Heartstopper’s first season only briefly gestured at Charlie’s disordered relationship with food. There were small moments that webcomic fans could recognize — Charlie picking at his breakfast cereal or barely finishing his meal at a family dinner. Season 2, on Netflix Aug. 4, brings these details to the fore, following with author Alice Oseman’s source material; Heartstopper volumes 2 and 3 dig deeper into Charlie’s long-term trauma from being bullied, among other heftier topics.
It might feel like a hard veer for a show praised for being so optimistic, hopeful, and lovely. And yes, Heartstopper is still lighter than teen dramas like Euphoria.
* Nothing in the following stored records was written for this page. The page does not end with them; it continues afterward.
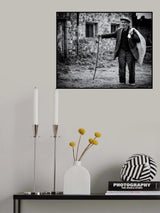 Going home Poster och Canvastavla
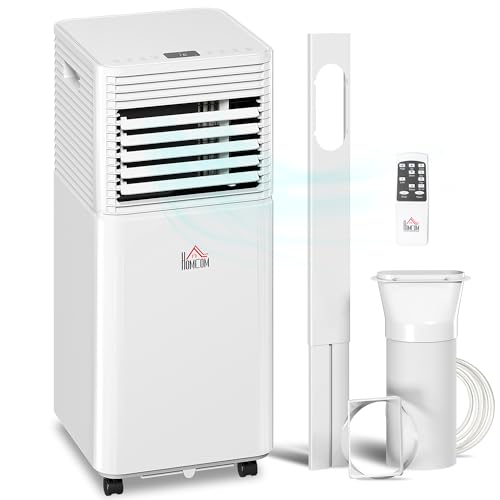 HOMCOM 10000 BTU Portable Air Conditioner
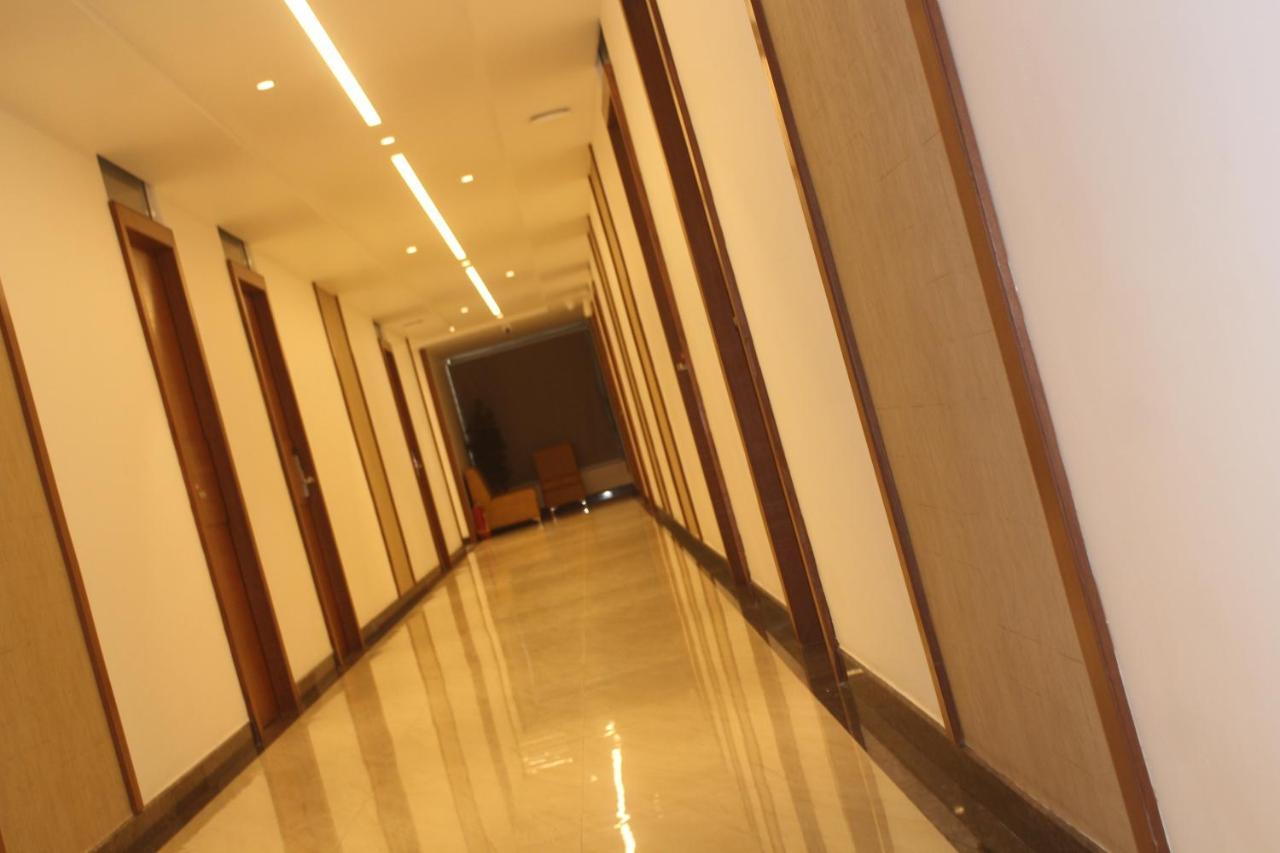 The Urban Hive Hotel Belgaum Εξωτερικό φωτογραφία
But the show’s message of hopefulness made it easy to forget that season 1 also dealt with serious topics; Charlie is assaulted by a student in his class in the pilot and has to continue to go to school with him — a fact that hasn’t changed in season 2. This season plays the same difficult balancing act. As Netflix has already renewed Heartstopper for season 3, it feels like the show finally has more space to dwell on its uncomfortable and unresolved plot beats.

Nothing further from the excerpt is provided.